To begin this optimisation, a quad tree implementation was constructed where each branch stored a vector of the objects within its bounds. Vectors were used as they contain dynamically sized memory which is stored contiguously to improve cache usage. The basic structure of the quad tree is constructed from the main function which calls a constructor for the root node, passing its position, size, and the vector of all of the objects within the scene. Then on its first update loop (controlled with a Boolean value to tell the branch if it is built), it recursively builds the tree by at each stage testing each of its objects to see if they would fit completely into any of the quadrants within the region. If any would, branches are constructed for each quadrant with objects in it and then built in the same way.

After this first build, the update is again called which first calls update for each of its children so that the lowest level branches are updated first. Lifespan and max lifespan values are used to test if branches are still in use: each frame that a branch is empty, its lifespan is decreased, if it reaches 0 the branch is pruned, if it stops being empty its max lifespan is doubled (this keeps frequently used nodes alive longer to decrease repeated allocation and deallocation of memory) and its lifespan is reset. The next step in updating the tree is to loop through each branch’s objects and check if they are still within the bounds of the node. If so, an attempt is made to move the object deeper into the tree or otherwise stay on the same branch. If not, the object is moved up the tree until it is contained (or otherwise is left on the root if outside the bounds of the whole tree. This does cause performance issues as more objects are ejected from the system and end up on the root, however it proves that the performance gain early on is not gained by deleting ejected objects. A true implementation should either delete these ejected objects or come up with another solution to deal with them in accordance with the design of the game), once contained, an attempt is made to move it down the tree as before.

Finally, the update calls the update for each of the objects on the branch except this is modified to remove the gravity acceleration calculation which is instead implemented as below.

This quad tree was then used to implement the Barnes-Hut algorithm (Barnes and Hut, 1986) as a Tree-Particle optimisation. The Barnes-Hut method was chosen as it was shown to reduce the computational complexity from $O (N^{2})$ to $O (N log N)$ and to be more similar to existing game optimisations than other methods which achieved the same computational efficiency. This meant for each object, going from the top of the tree and comparing the ratio $s / d$ to a parameter $θ$ where $s$ is the branch's width and $d$ is the distance from the object to the centre of mass for the branch. $θ$ was an arbitrary value which was tested at various values, the lower it is the more precise the calculations should be and therefore less optimised. If $s / d$ is greater than $θ$ then each object on that branch is used to calculate gravity with the original object as usual and each child branch is tested similarly. Otherwise, the whole branch is treated as a single object with a position at the centre of mass of all of its child nodes and objects and a combined mass of all of them. After implementing the Barnes-Hut algorithm, profiling data still showed the gravity calculations to be the primary bottleneck although this technique vastly improved frame times.

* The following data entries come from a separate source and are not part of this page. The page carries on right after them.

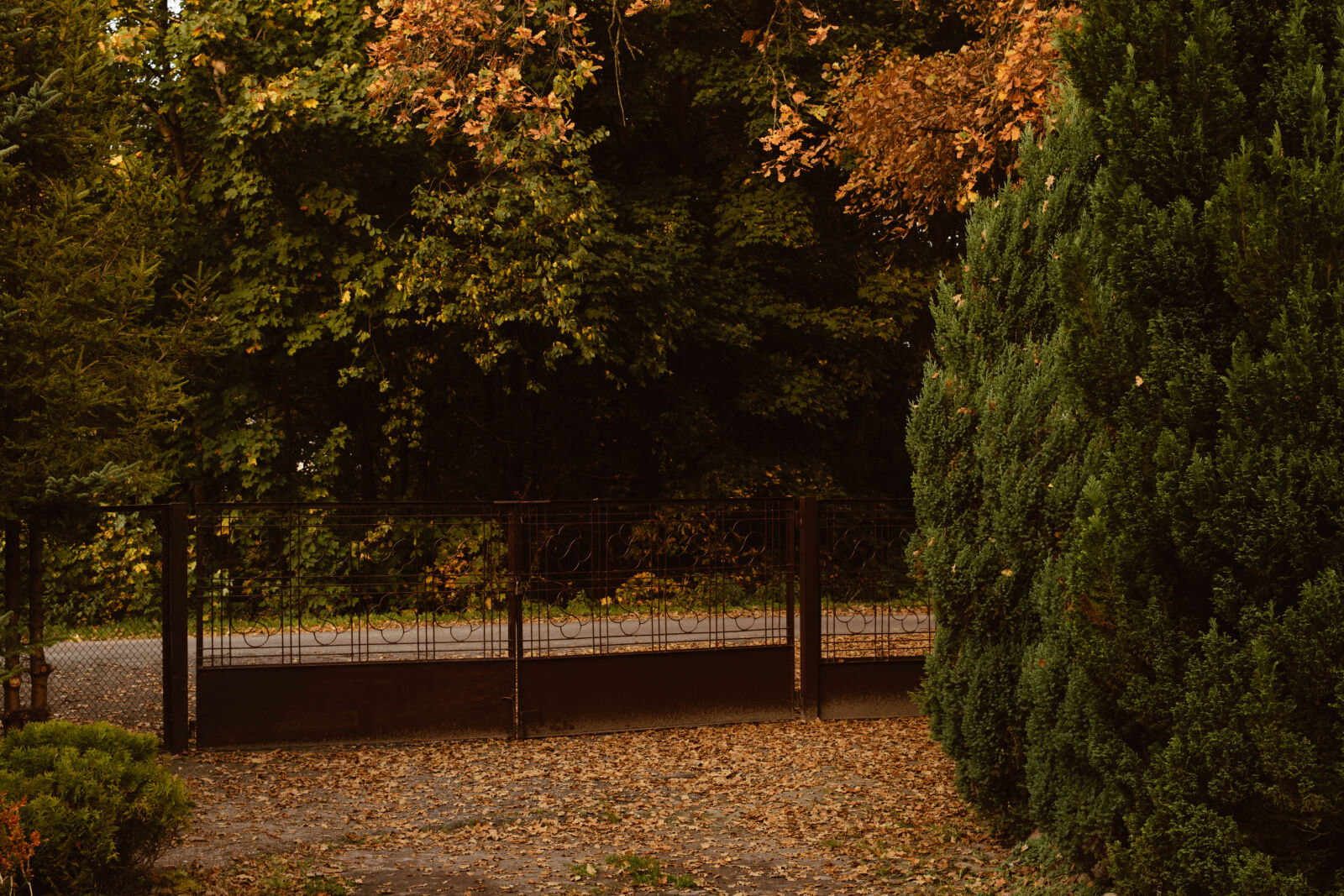 Nikon D3300 sample photo. Autumn, autumn, leaves, garden photography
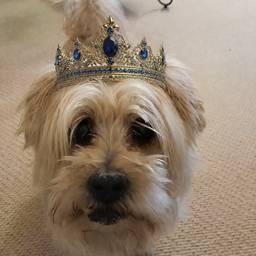 Après - Couronne sur Photo de Chien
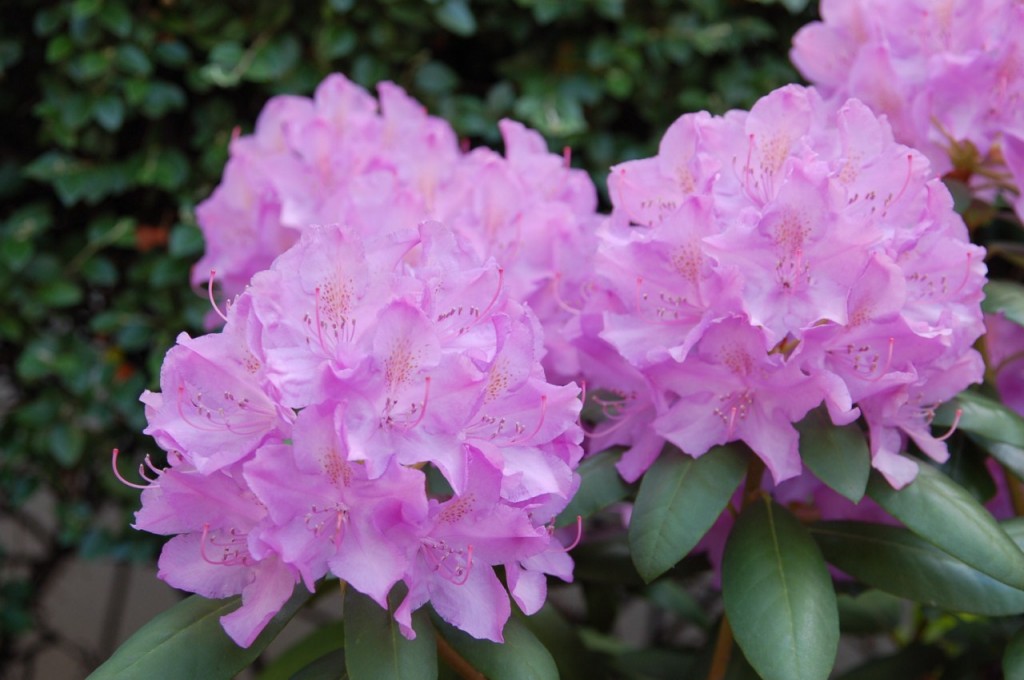 DSC_8241 [Résolution de l'écran]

The next optimisation was threading. In the artefact this was done by separating out the update loop of the quad tree into three sections. One handled the logic for recalculation of where each object should be situated on the quad tree, the second contained the acceleration calculations due to gravity, and the final section updated each object to apply their acceleration to their velocity and that in turn to their position. Doing this decoupled the latter two sections such that none of the information required to calculate the acceleration would be altered by the acceleration calculations and the same for the object updates. This meant that both sections could easily be threaded, if necessary, without risk of race conditions. Since the gravity calculations were taking the most processing time, this was the section that was threaded. Logic was added to check whether the node was the root of the tree. If so, instead of simply calling its children’s gravity functions, they were set off on separate threads. Two additional variations were created, one of which additionally threaded the grandchildren of the root by running threads from the initial child nodes as well, the second only threads the grandchildren. That means that these use 20 and 16 threads total. Each of these three variations were then tested at each threshold as used previously to analyse the effect of threading differing amounts at different thresholds.

Results and Findings

Introduction

For each optimisation technique (including the control), three types of results will be discussed:

Qualitative data regarding how the artefact visibly appears.

Data taken from Optick which provides a breakdown of how long tracked functions take up in a single profiled frame (the last frame which is profiled) which will primarily focus of the percentage of the frame time taken by each function to show which functions are bottlenecks for the program.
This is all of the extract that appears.